SCIoI-supervised Master thesis receives Rolf-Niedermeier-Award
Adrian Pfisterer, a recently graduated master’s student at Technische Universität Berlin, has been awarded the Rolf-Niedermeier Prize for his innovative thesis addressing challenges in robotic manipulation. His research was supervised by Xing Li and Vito Mengers, and Oliver Brock as advisor, all members of Science of Intelligence (SCIoI). The Rolf-Niedermeier Prize, awarded annually for outstanding academic theses, recognizes exceptional achievements in computer science and related fields. Adrians work, conducted at SCIoI, stands out for its combination of theoretical depth and practical application, demonstrating how robots can better process incomplete or uncertain information to perform complex tasks.
From Human Hands to Robotic Precision
Robotic manipulation of small objects is a notoriously difficult problem. Visual uncertainties, such as occlusions or noisy sensor data, make it challenging for robots to estimate an object’s movements accurately. Adrian’s thesis addresses this by incorporating human hand movements as a guiding framework. By observing how humans interact with objects and explicitly modeling uncertainties in visual data, his method allows robots to estimate an object’s kinematic model in real-time.

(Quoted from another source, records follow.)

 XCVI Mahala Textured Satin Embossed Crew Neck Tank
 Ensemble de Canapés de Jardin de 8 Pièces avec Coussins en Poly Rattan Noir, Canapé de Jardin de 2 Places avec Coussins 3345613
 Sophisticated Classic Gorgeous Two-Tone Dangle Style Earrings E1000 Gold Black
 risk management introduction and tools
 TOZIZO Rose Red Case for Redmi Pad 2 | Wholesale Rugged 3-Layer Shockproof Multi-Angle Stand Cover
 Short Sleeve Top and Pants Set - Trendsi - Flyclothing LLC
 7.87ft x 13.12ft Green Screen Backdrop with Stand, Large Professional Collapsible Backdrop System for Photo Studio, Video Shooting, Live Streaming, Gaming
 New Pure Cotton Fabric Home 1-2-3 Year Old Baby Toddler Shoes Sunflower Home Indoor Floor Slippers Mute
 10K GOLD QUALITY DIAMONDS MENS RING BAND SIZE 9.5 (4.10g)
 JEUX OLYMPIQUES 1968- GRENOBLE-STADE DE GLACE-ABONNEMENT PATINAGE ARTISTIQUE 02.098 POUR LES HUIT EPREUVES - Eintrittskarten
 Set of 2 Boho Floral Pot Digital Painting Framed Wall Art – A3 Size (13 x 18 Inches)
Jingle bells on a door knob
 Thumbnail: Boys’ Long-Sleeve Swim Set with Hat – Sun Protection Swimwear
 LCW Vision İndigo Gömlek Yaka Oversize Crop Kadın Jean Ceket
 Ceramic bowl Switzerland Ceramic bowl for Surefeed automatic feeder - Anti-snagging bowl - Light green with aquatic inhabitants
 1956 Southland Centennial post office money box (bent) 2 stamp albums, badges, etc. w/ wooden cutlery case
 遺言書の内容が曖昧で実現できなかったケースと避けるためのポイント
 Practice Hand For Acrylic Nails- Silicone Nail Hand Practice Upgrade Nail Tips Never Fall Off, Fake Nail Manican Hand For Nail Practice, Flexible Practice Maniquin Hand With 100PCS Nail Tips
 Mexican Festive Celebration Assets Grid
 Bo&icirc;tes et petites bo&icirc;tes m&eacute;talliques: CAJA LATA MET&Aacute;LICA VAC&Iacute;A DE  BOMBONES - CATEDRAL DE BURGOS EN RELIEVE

“This approach enables robots to handle tasks that would otherwise be infeasible due to the limited accuracy of traditional methods,” explained Vito. Vito’s work focuses on interconnected recursive estimation, which Adrian leveraged to enhance the robots’ ability to learn from human demonstrations.
Collaborative Research at SCIoI
Adrian’s research combines concepts from two ongoing projects at SCIoI. Xing’s project, “Learning to Manipulate from Demonstration,” explores how robots can learn complex tasks by observing human demonstrations, while the project “Differentiable interconnected recursive estimation,” led by Vito, investigates principles of intelligence. Together, these projects provided the foundation for Adrians’s thesis, which tested and validated these methods in a controlled environment.